Set This House in Order deleted scenes
The size of the geography
The following originally appeared in chapter 7, on what is page 97 of the published version, in between the paragraph that ends “...reducing the island to a vague outline.” and the one that begins “I said that my father controlled the weather in the geography.”:
“How big is this internal universe of yours?”: that’s another Julie question, one that you might think couldn’t have a proper answer, given that distances inside are optional. But it does; it does have an answer.

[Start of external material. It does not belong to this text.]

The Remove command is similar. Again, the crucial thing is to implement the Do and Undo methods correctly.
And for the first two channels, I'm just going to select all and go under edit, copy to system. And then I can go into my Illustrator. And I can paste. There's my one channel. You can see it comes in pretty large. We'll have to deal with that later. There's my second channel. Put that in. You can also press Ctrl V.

The real universe is infinite, or at least very, very big. Nowadays this is common knowledge, but there was a time, hundreds of years ago, when people believed that the universe was tiny. The reason for this belief, my father says, was that back in the Middle Ages people thought that they were the most important thing in the universe—that they were, in other words, the universe’s reason for being. And since human souls, however wonderful they might be, are limited in all sorts of ways, it only made sense that a universe created for the sake of human souls would be limited too.
Well, the geography in Andy Gage’s head really was created for the sake of the souls that occupy it. We are the geography’s sole reason for being, and so it, like us, is finite: finite in its apparent dimensions (the forest you see around the edges of the map does not go on forever), and finite, even small, in the number of things it contains. One consequence of this finiteness is that the geography is a lot less chaotic, a lot safer, than the outside world. Inside, there are no marauding crows, no escaped circus tigers. No cougars. It is a place of order.

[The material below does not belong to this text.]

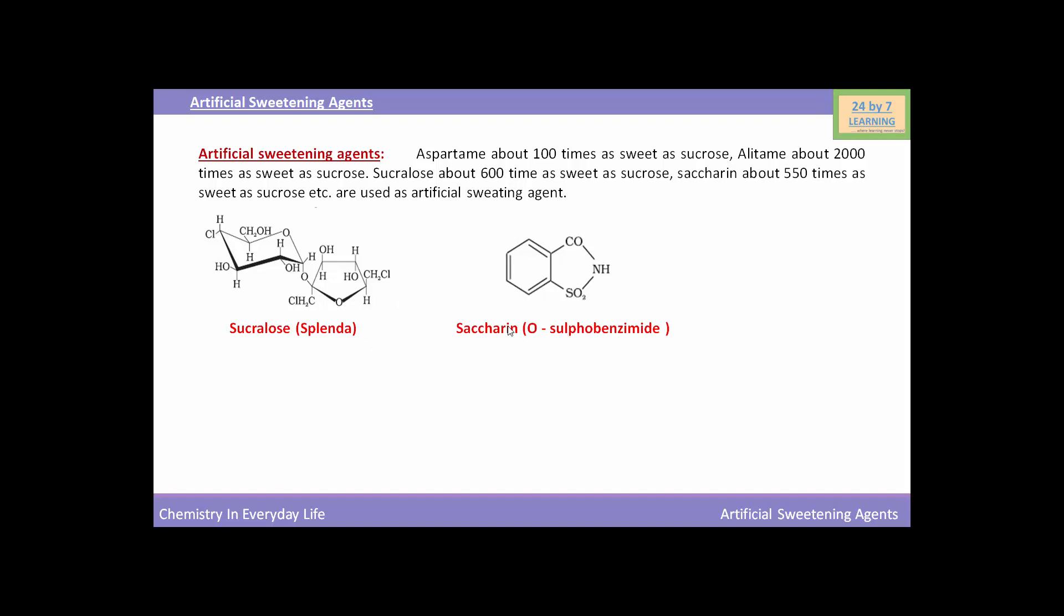This is the chemical structure of saccharin, whose chemical name is ortho-sulfobenzemide, and here is the chemical structure of aspartame. So these are some artificial sweetening agents.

Not perfect order: there are still other souls to contend with, after all. But order enough that elements of disorder tend to stand out. Elements like the mist on the lake.
Though I liked this a lot, it conveys no essential information, it’s a little too long for an aside, and, most important, it doesn’t fit organically with the rest of the passage. Rather, this is a instance of the author saying, “I’m going to disrupt the narrative flow here to toss in this cool extra bit of business that just occurred to me.” Sometimes it’s OK to do that, but in this case my editor felt, and I ultimately agreed, that we should cut it.